====== The input ======
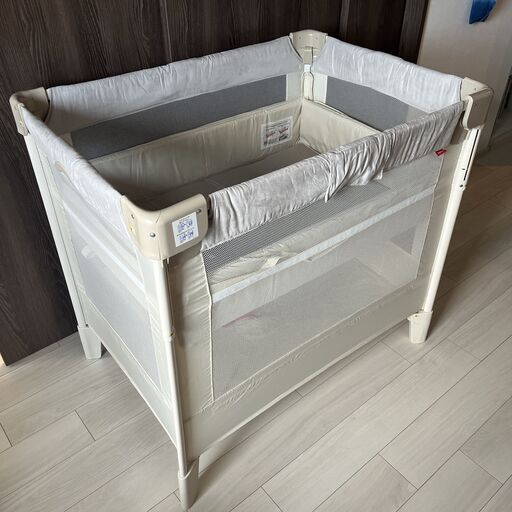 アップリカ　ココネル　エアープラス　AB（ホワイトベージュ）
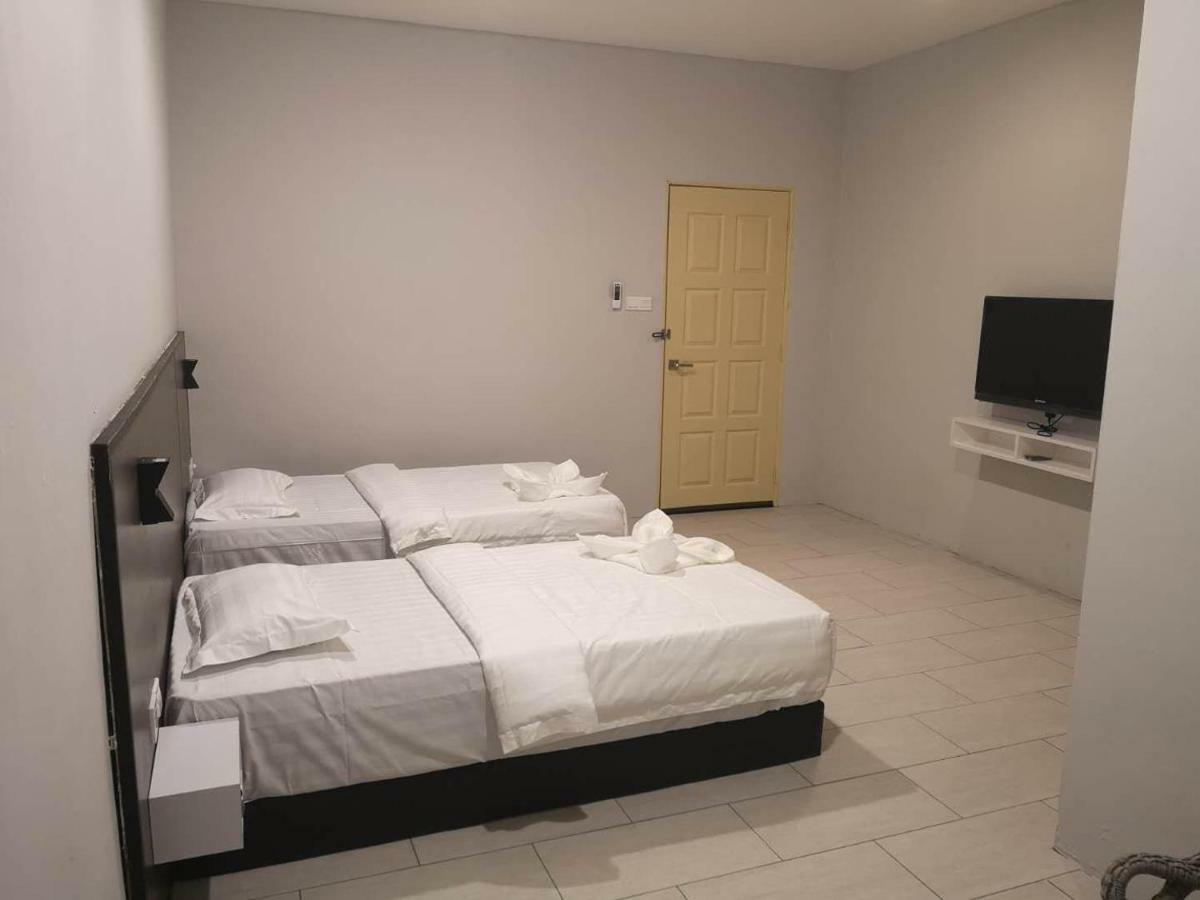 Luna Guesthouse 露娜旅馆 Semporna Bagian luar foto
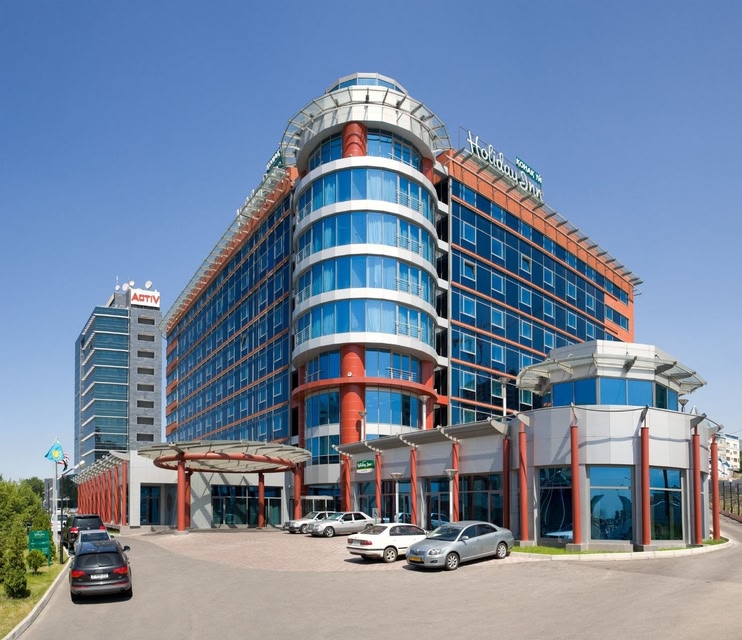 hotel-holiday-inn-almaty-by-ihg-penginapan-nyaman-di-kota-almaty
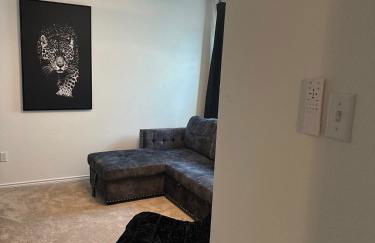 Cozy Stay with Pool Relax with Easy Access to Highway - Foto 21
======
====== The input ======
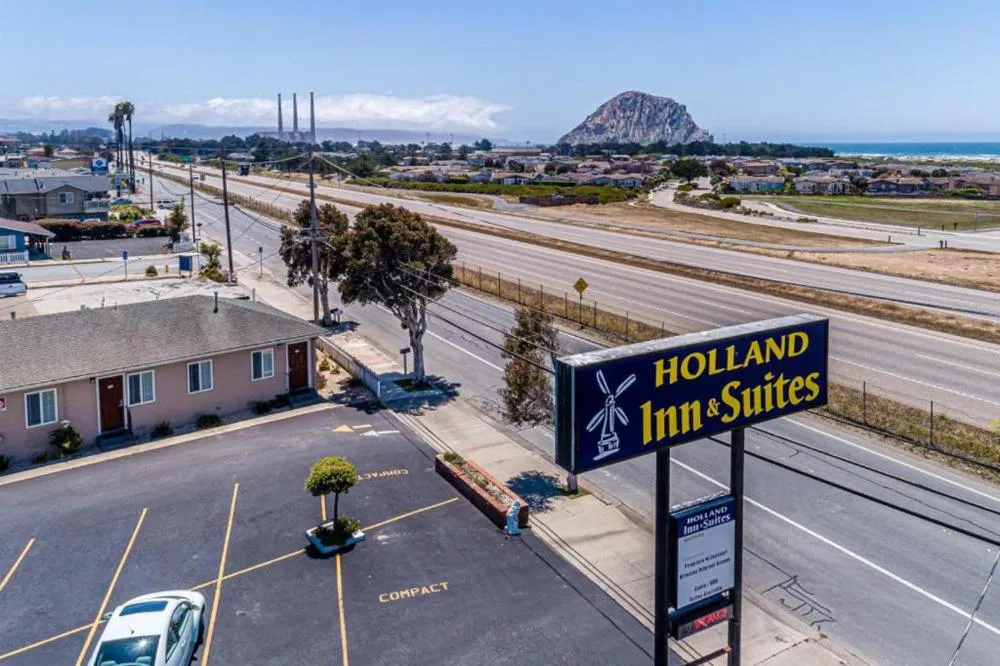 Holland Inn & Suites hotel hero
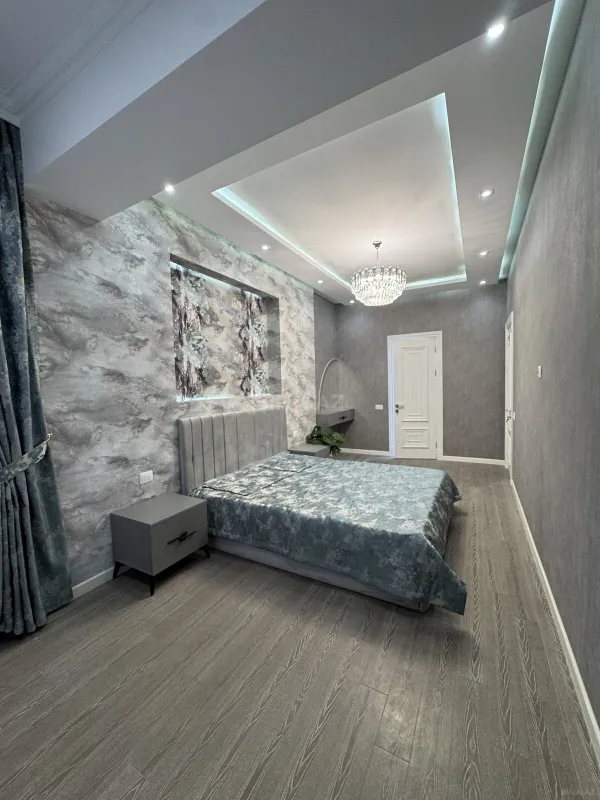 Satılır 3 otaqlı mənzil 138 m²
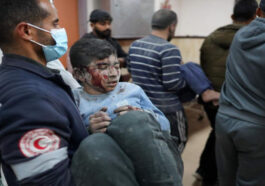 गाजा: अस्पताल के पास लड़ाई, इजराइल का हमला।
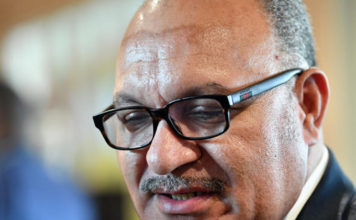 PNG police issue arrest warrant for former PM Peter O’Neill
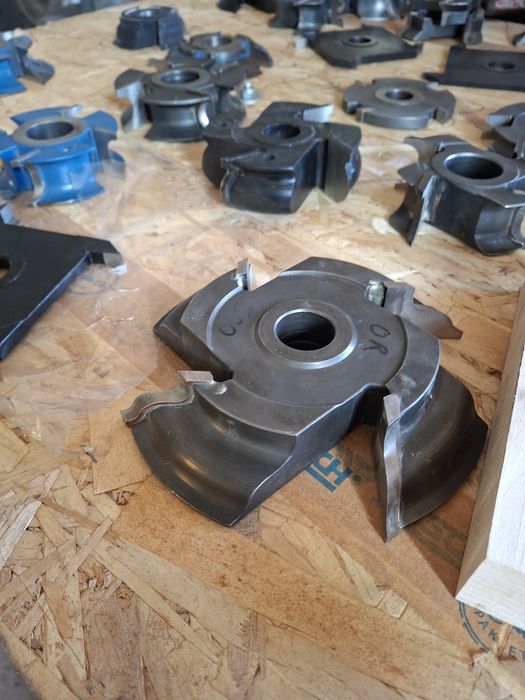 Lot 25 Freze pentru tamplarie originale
======
====== The input ======
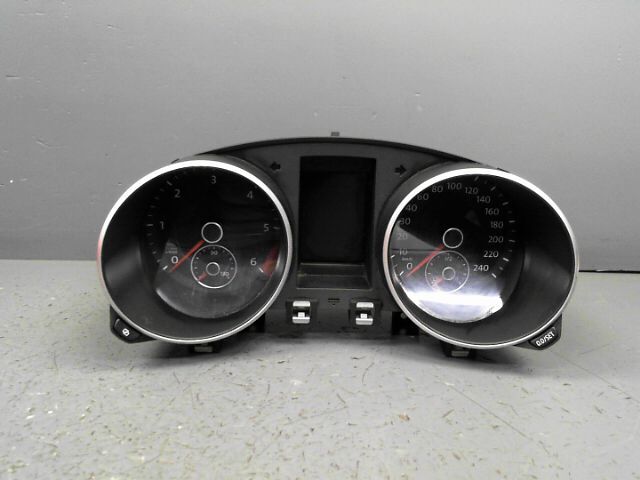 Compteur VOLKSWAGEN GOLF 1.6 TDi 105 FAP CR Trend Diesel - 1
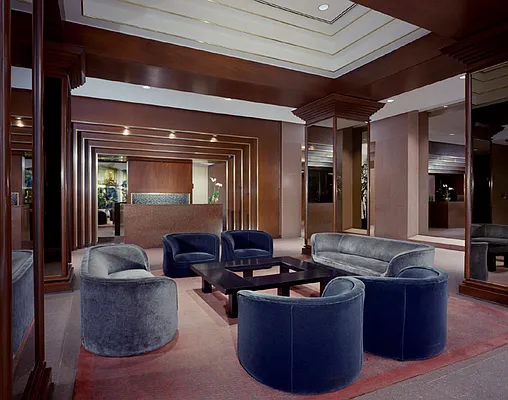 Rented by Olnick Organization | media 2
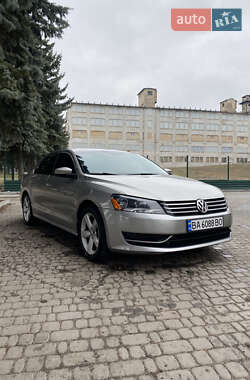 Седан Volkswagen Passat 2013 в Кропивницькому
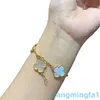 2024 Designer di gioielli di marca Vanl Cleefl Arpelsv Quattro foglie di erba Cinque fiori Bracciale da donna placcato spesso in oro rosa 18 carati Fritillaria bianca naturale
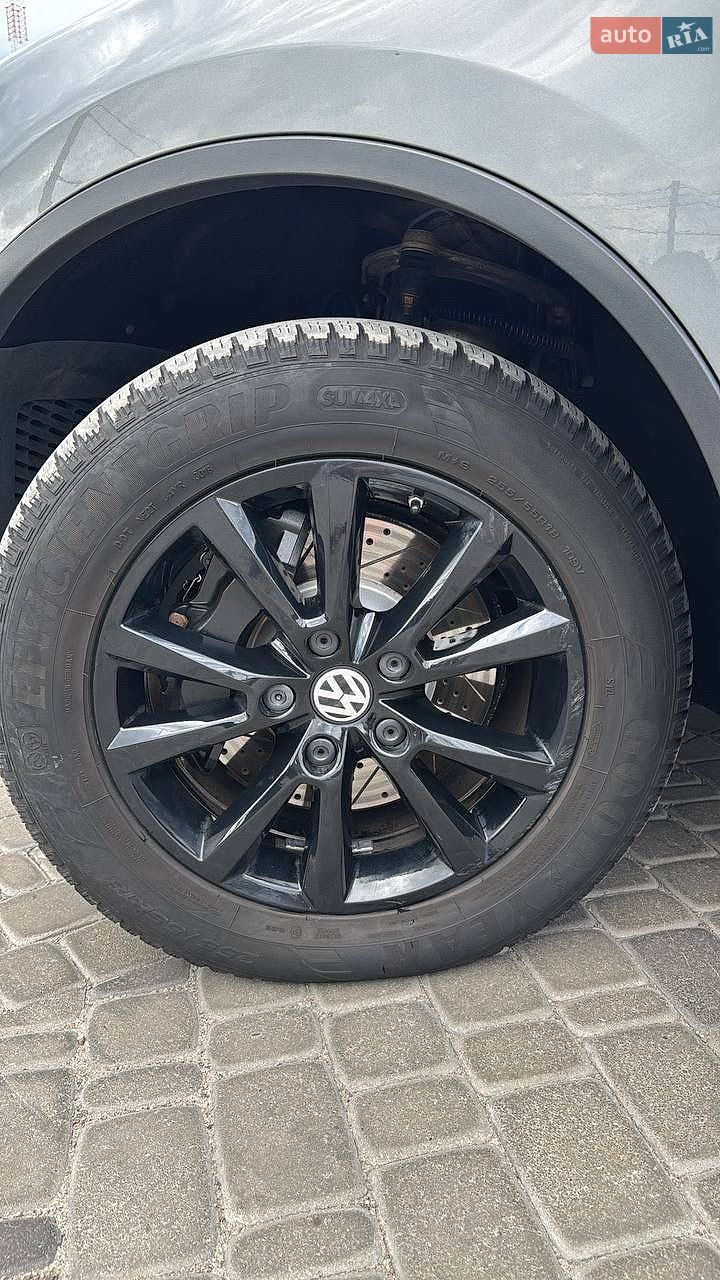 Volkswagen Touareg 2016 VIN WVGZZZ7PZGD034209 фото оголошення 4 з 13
======
◆ Work to complete: Going by the data above, the answer is exactly the lines from the one holding "Holland Inn & Suites hotel hero" to the one holding "Lot 25 Freze pentru tamplarie originale", both kept, with the pictures left out.

◆ Exercise output:
 Holland Inn & Suites hotel hero
 Satılır 3 otaqlı mənzil 138 m²
 गाजा: अस्पताल के पास लड़ाई, इजराइल का हमला।
 PNG police issue arrest warrant for former PM Peter O’Neill
 Lot 25 Freze pentru tamplarie originale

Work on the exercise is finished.